▶ **The task**
Using the data below, restate exactly every line from the one with "Bobbili Simham Movie" up to and including the one with "羔羊用保暖马甲新生小羊羔大羊用". No picture belongs in it.

▶ **Records for the task**
------------------------------
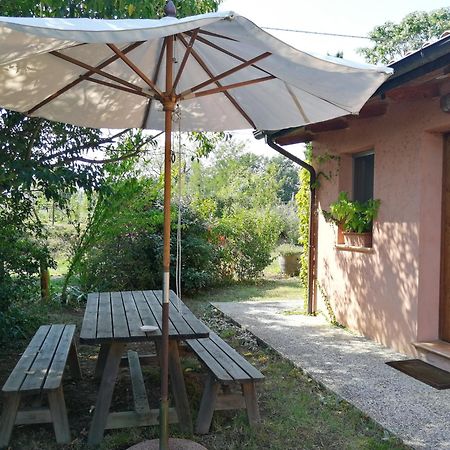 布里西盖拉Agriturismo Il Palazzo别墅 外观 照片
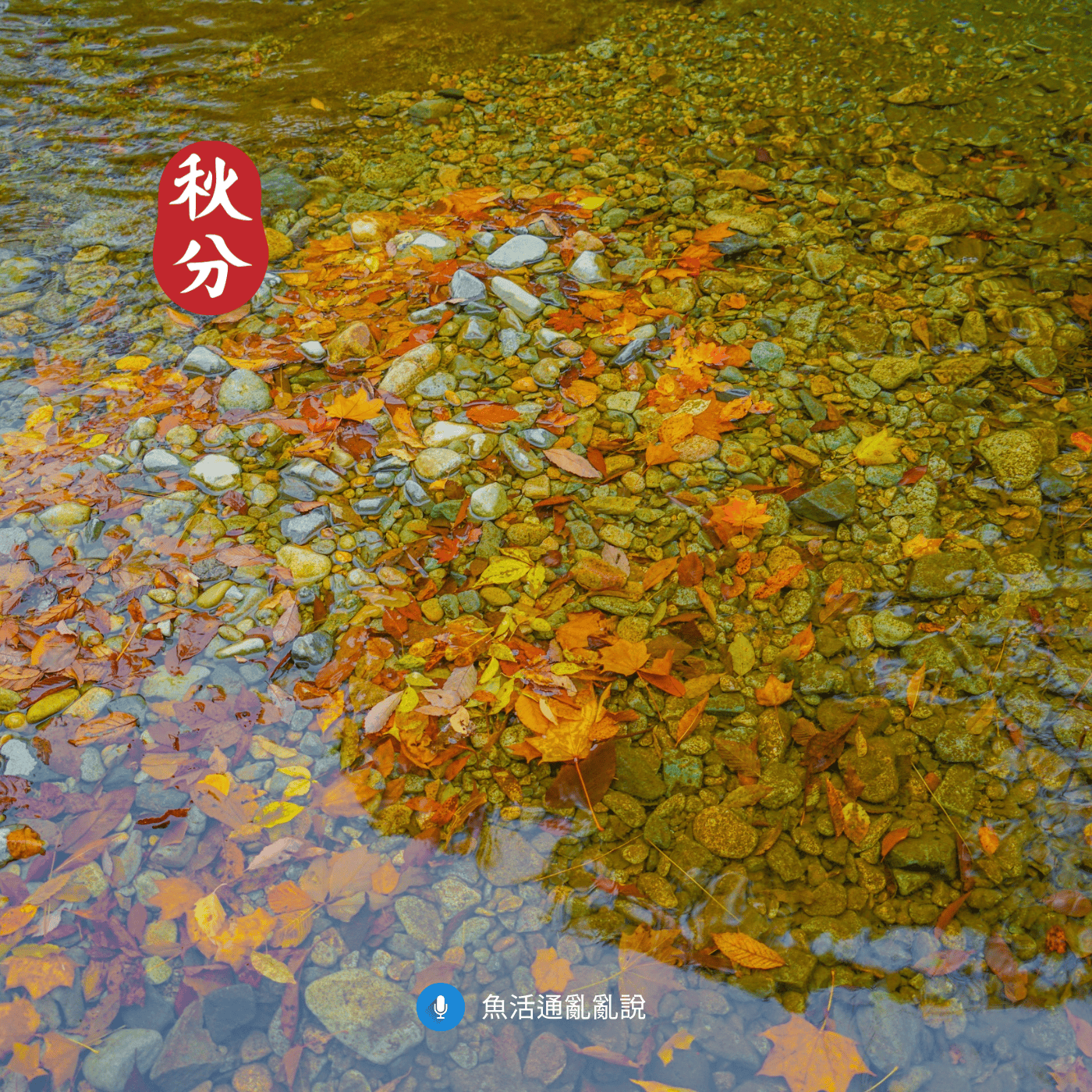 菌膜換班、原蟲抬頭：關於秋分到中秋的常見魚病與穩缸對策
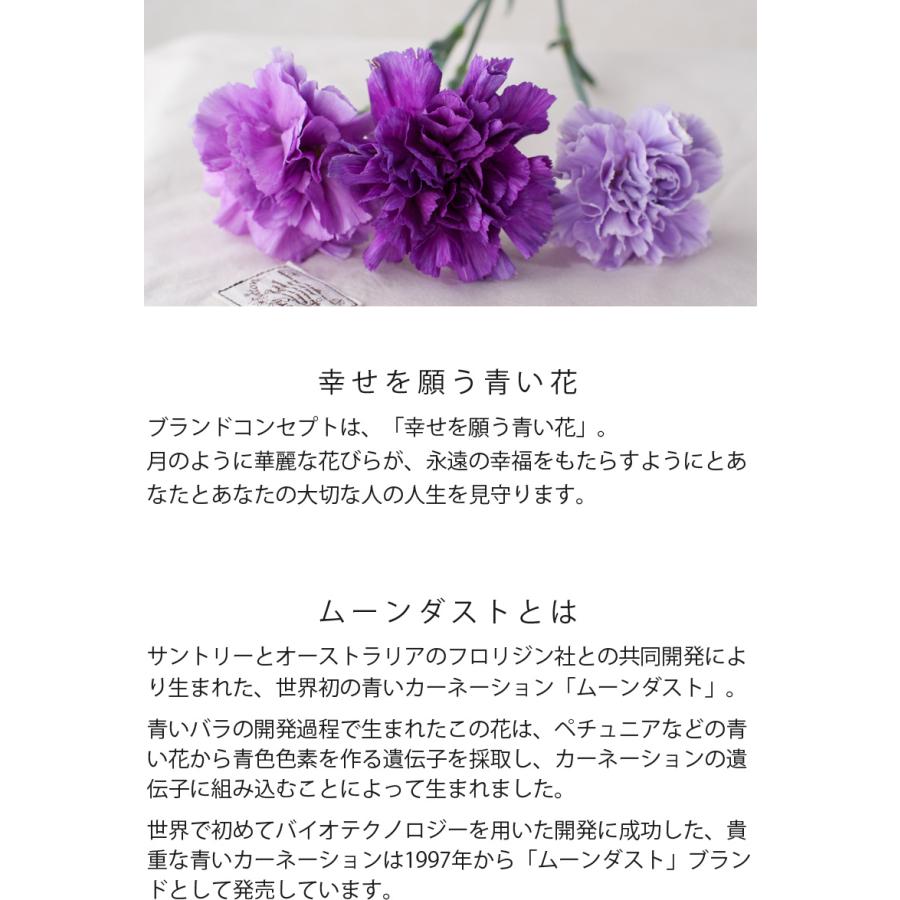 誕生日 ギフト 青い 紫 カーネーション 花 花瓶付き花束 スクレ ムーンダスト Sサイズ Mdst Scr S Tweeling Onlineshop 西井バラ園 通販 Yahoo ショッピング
------------------------------
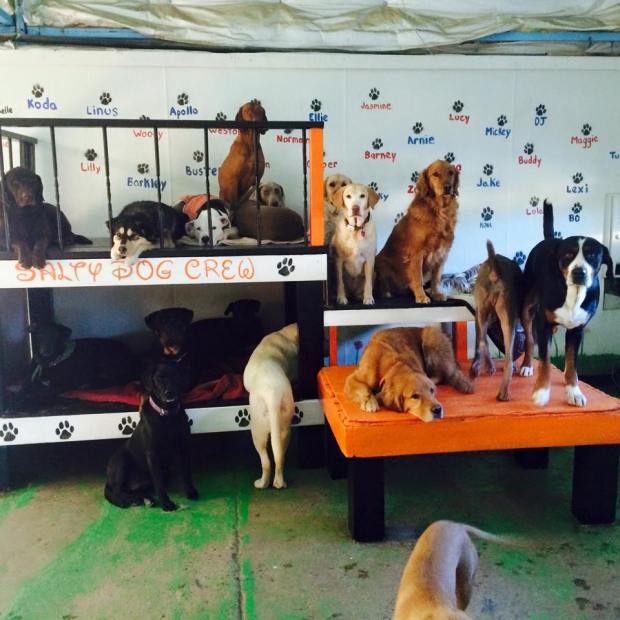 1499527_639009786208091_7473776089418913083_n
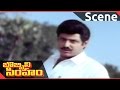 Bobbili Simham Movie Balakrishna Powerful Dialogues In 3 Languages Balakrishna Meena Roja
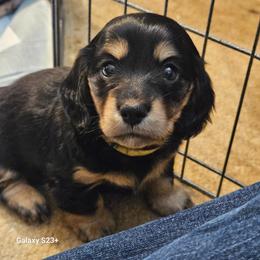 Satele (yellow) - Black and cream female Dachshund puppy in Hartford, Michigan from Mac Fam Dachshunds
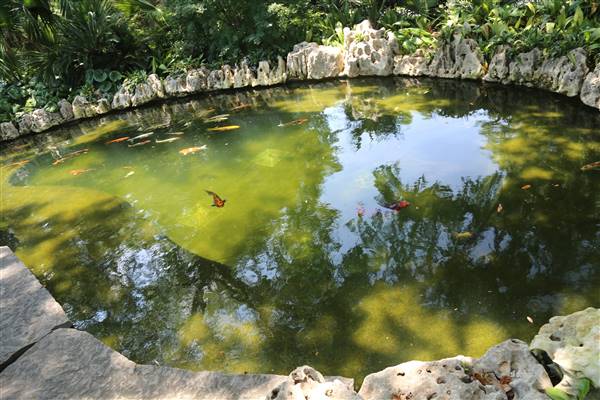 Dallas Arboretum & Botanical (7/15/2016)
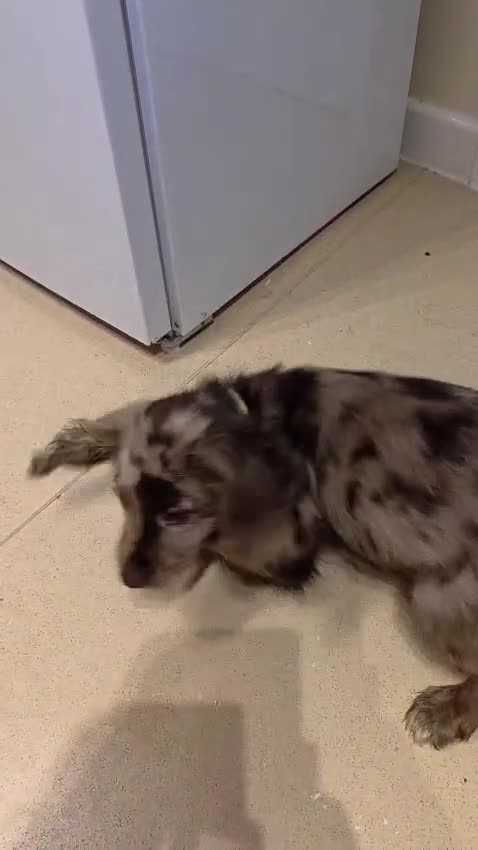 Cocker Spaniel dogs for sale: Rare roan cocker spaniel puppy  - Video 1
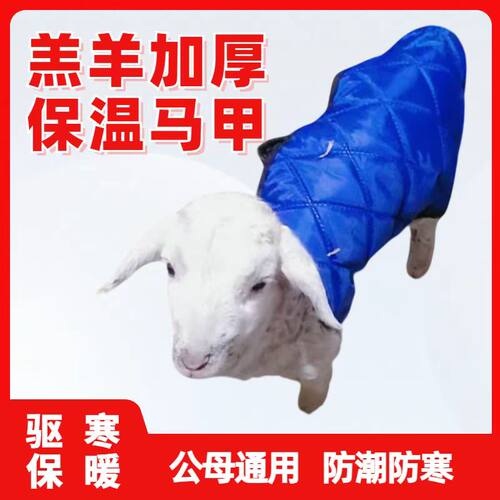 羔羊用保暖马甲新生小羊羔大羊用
------------------------------
▶ **Exercise solution**
 Bobbili Simham Movie Balakrishna Powerful Dialogues In 3 Languages Balakrishna Meena Roja
 Satele (yellow) - Black and cream female Dachshund puppy in Hartford, Michigan from Mac Fam Dachshunds
 Dallas Arboretum & Botanical (7/15/2016)
 Cocker Spaniel dogs for sale: Rare roan cocker spaniel puppy  - Video 1
 羔羊用保暖马甲新生小羊羔大羊用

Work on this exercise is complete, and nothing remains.